Within route choice model in charging, we have three options. Firstly, we use the static pre-trip route choice models, where EVs are assumed to choose their route (from origin to destination) before departure according to information obtained or past experiences and do not switch routes or destination (target charging pile) while driving for charging. For in-route route choice models, travelers observe prevailing traffic conditions and quality of charging services as they travel, and make route choice decisions accordingly. EV may change their target charging pile during the trip adaptively [29]. In hybrid route choice models, travelers rely on both on pre-trip route decisions and in-trip decisions. They may find a better choice according to different conditions. Some travelers may decide to switch to an alternative route when receiving advertised guiding information from the smart grid.
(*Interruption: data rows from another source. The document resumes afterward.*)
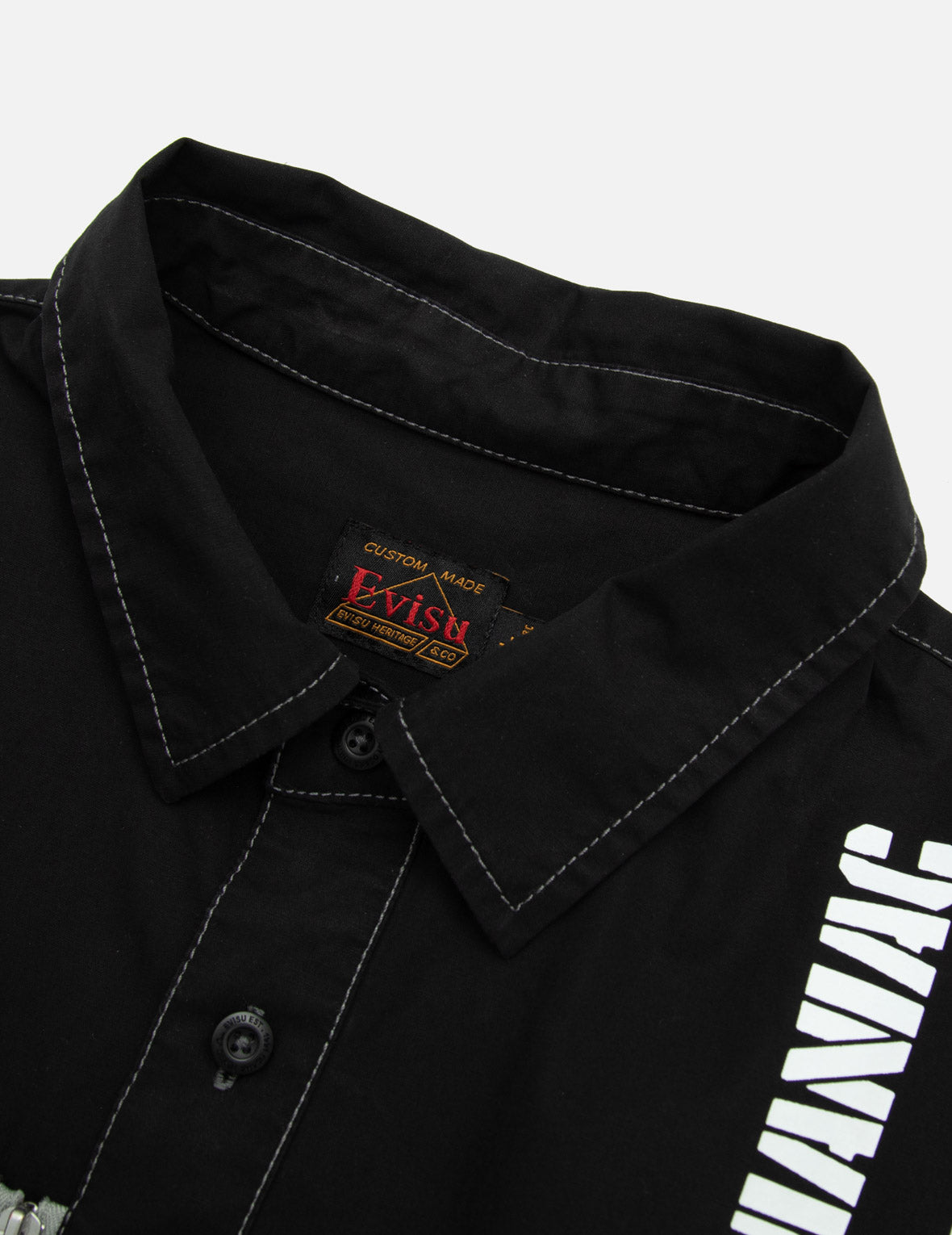 Contrast Stitching and Multi-Print Relax Fit Shirt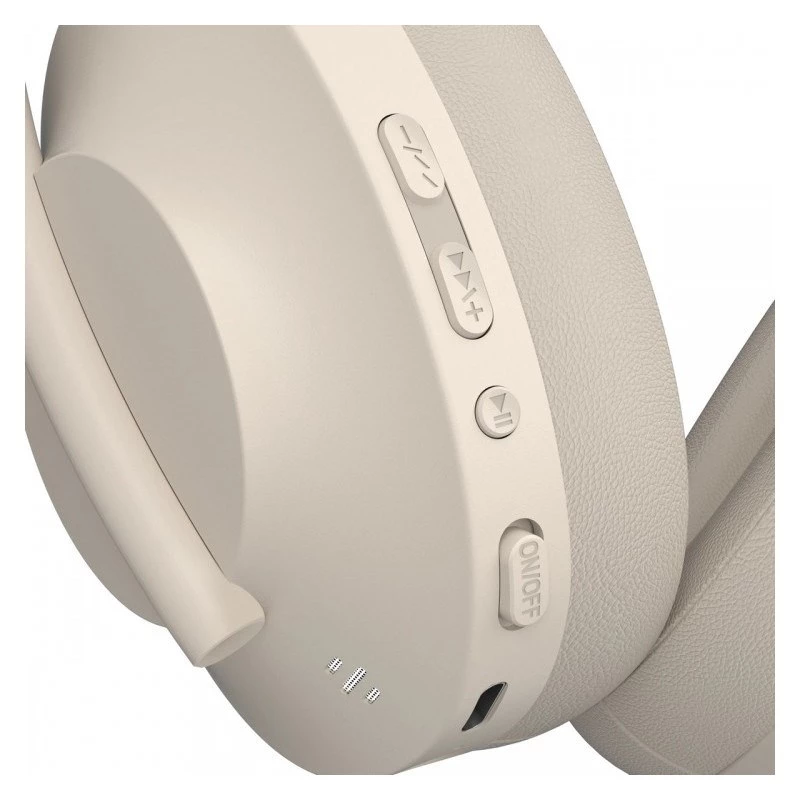 Defender Auriculares Bluetooth Freemotion B485 ANC Beige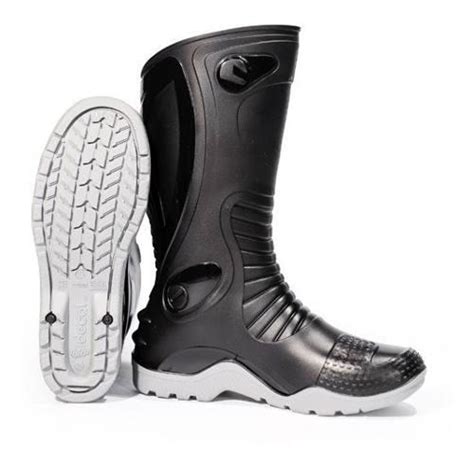 Botas Dakar Motociclistas Caucho 100 Impermeables Lluvia Posot Class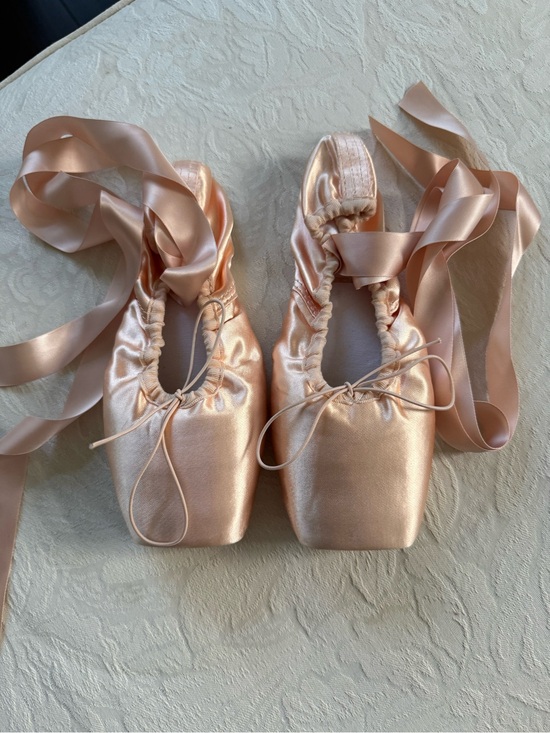 Day Dance Shoes - Satin Pointe Ballet Flats in Rose Gold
In the simulation, we presume that all the EV initiate with a fixed energy level that is much higher than the critical level (with enough energy to drive to the nearest charging pile). A proper charging plan is important to help overcome range anxiety of EV driver, and avoid an EV battery running out of energy before a destination is reached. The charging scheduling model should confirm this safe energy status and make prompt and proper charging decisions. Our route choice model for charging considers three basic requirements to simulate this process of charging of EVs. EVs should decide when, where to charge, how long to charge, and where to go after charging.

As to the time point to toggle the route choice, there are several options. An EV may choose to go to charging pile whenever the SOC of EV approaches certain fixed threshold value which should be higher than the critical level. EV may also choose to charge whenever it approaches some charging pile which is within a close distance range (i.e., 1–2 miles) from the current location. Some EVs choose to charge on a regular time basis or choose to charge according to the random intend of EV drivers.

When an EV decides to go to charge, the next decision for the EV is where or which charging pile to choose. Distance, type of charging pile, service quality, and availability of pile should be taken into account respectively or associatively. Take short-distance-first policy as an example, the model can choose the nearest pile from the current location of an EV, or it may not go to charge right now but choose the pile which is nearest to the upcoming trajectory along the way to the next destinations according to the travel agenda model [30]. When certain charging pile is set as the target, the motion synthesis model navigates the EV to the destination.

The EV then decides how much energy to supply and how long or how much the charging process takes. The time and amount may vary due to the constraints such as time and budget limit, capacity, and policy of parking lots [31]. To simulate this process, the model provides 4 basic options for EVs. The most conservative option is to charge the minimal amount to keep the SOC above the critical level. EV may also choose to charge for a fixed amount of energy to simulate the regular consumption custom of EV driver. Some EV may choose to let the battery fully charged or to a certain fixed threshold. Route choice model demonstrates the variety in charging behavior of EVs in simulation.

When EV finishes charging, it may decide where to go after interruption of charging. Some policy may choose to return to the interrupted point where the EV detours to the charging pile while processing the daily tasks. EV may also not go back but continue to navigate to the next event site based on the current charging location. Different return policies may have different impact on the performance and efficiency of charging.

These multimodal decision-making policy of digital twin EV provides high freedom of motion in the charging process of EV and helps simulate the complex possible mobility pattern of EV in real world. The fine controlled digital twin EV model can increase the trustworthiness of the motion simulation of IoV.